Stored items from a collection:
<<<<
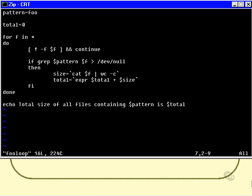Now that line is not absolutely necessary. I could leave it out, and what would happen is if grep in the next line ever encountered a directory then it would give us an error message, which would mean that I'd have to also redirect the standard error of grep to dev null as well. But I put that in for neatness, I don't really like errors very much, and I'd also like to demonstrate the use of the word continue.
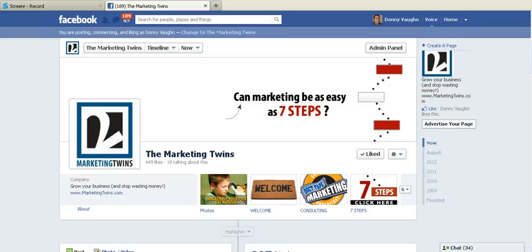Hi everybody, this is Donnie Vaughn of the Marketing Twins. You can find us online at marketingtwins.com.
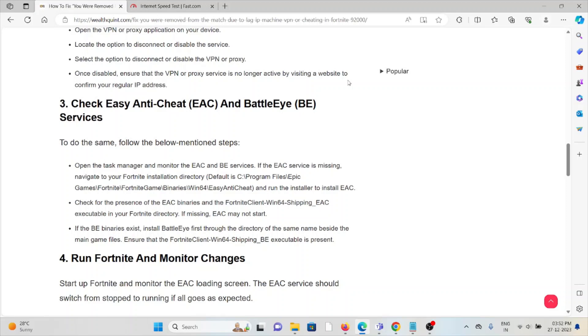Check for the presence of the EAC binaries and the FortniteClient-Win64-Shipping_EAC executable in the Fortnite directory. If missing, EAC may not start. If the BE binary exists, install BattlEye first through the directory.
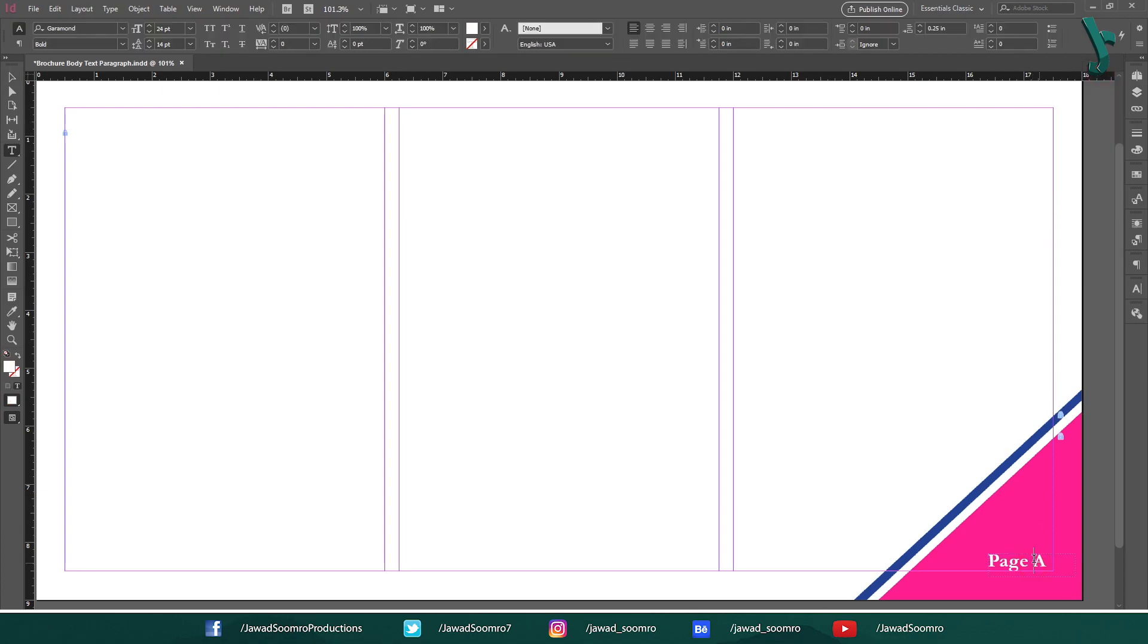Now, click on this page number at the bottom. See, you can now edit this the way you want.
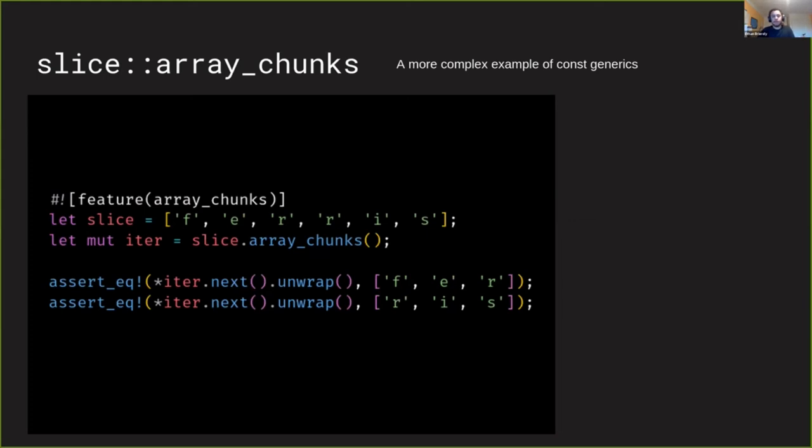So I think this demonstrates how ergonomic our APIs can be with const generics and we can use const generics without really having to interact with it that closely. It can sort of be invisible to us.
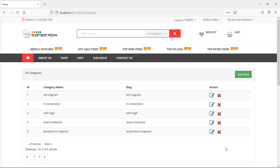Hi everyone, welcome back to the Laravel ecommerce tutorial. In this video, we are going to learn about creating subcategories. So let's see how we can create subcategories.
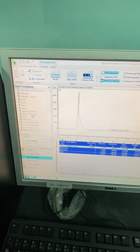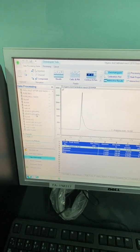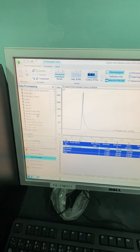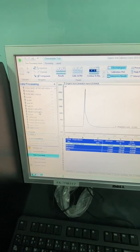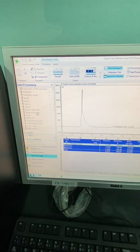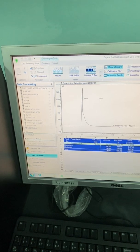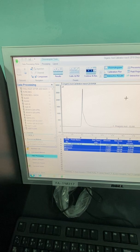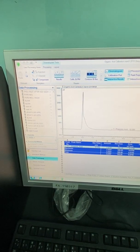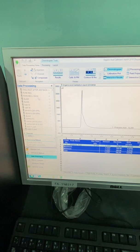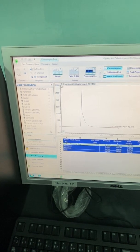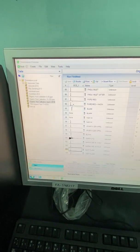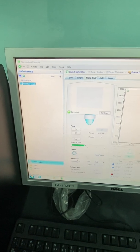As-salamu alaykum. My name is Dr. Mohamad Mahmoud. Today I will try to explain the software for the Chromeleon for the ion chromatography analyzers. This one for Thermo. I will try to just give you a brief for how to use the software, how to inject a sample, how to do calibration.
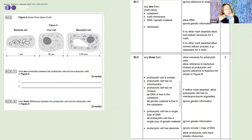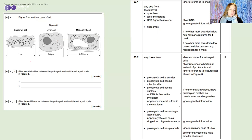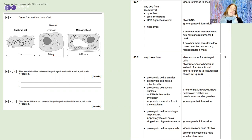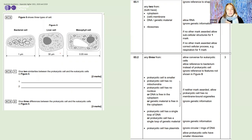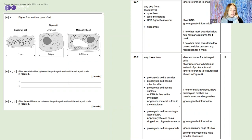A few more helpful hints for separates: diagrams are really important. The examiner puts things in a diagram for a reason — they want you to use that information in your answer. Don't ignore a diagram, table, or graph. Take your time to read it, look at trends, and get familiar with what you've been given before going on to answer the question.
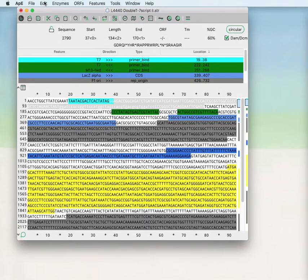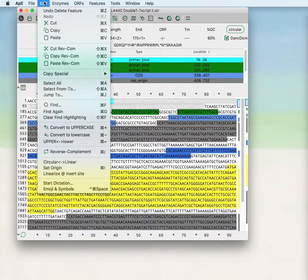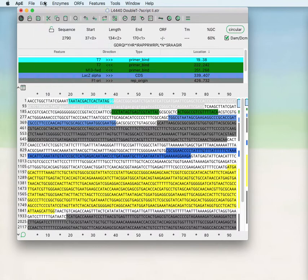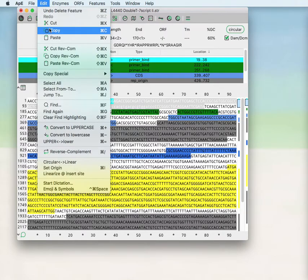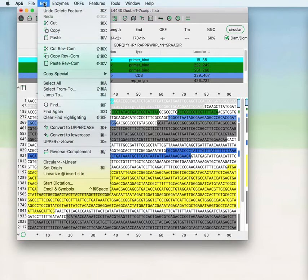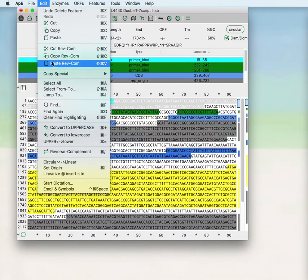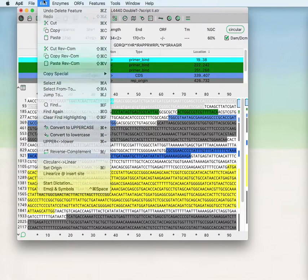Next is the edit menu. The edit menu can primarily do the functions of cut, copy, and paste. You can also cut, copy, and paste the reverse complement.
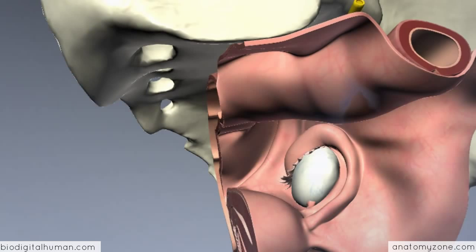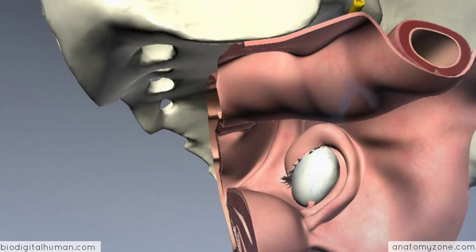Hopefully that has given you an idea of some of the clinical conditions associated with the ovaries and fallopian tubes. Next we'll take a look at the uterus and the associated clinical conditions.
>>>>
Work item => Each record above goes into the copy word for word; the pictures do not.

Solution to the problem =>
Now that line is not absolutely necessary. I could leave it out, and what would happen is if grep in the next line ever encountered a directory then it would give us an error message, which would mean that I'd have to also redirect the standard error of grep to dev null as well. But I put that in for neatness, I don't really like errors very much, and I'd also like to demonstrate the use of the word continue.
Hi everybody, this is Donnie Vaughn of the Marketing Twins. You can find us online at marketingtwins.com.
Check for the presence of the EAC binaries and the FortniteClient-Win64-Shipping_EAC executable in the Fortnite directory. If missing, EAC may not start. If the BE binary exists, install BattlEye first through the directory.
Now, click on this page number at the bottom. See, you can now edit this the way you want.
So I think this demonstrates how ergonomic our APIs can be with const generics and we can use const generics without really having to interact with it that closely. It can sort of be invisible to us.
Hi everyone, welcome back to the Laravel ecommerce tutorial. In this video, we are going to learn about creating subcategories. So let's see how we can create subcategories.
As-salamu alaykum. My name is Dr. Mohamad Mahmoud. Today I will try to explain the software for the Chromeleon for the ion chromatography analyzers. This one for Thermo. I will try to just give you a brief for how to use the software, how to inject a sample, how to do calibration.
A few more helpful hints for separates: diagrams are really important. The examiner puts things in a diagram for a reason — they want you to use that information in your answer. Don't ignore a diagram, table, or graph. Take your time to read it, look at trends, and get familiar with what you've been given before going on to answer the question.
Next is the edit menu. The edit menu can primarily do the functions of cut, copy, and paste. You can also cut, copy, and paste the reverse complement.
Hopefully that has given you an idea of some of the clinical conditions associated with the ovaries and fallopian tubes. Next we'll take a look at the uterus and the associated clinical conditions.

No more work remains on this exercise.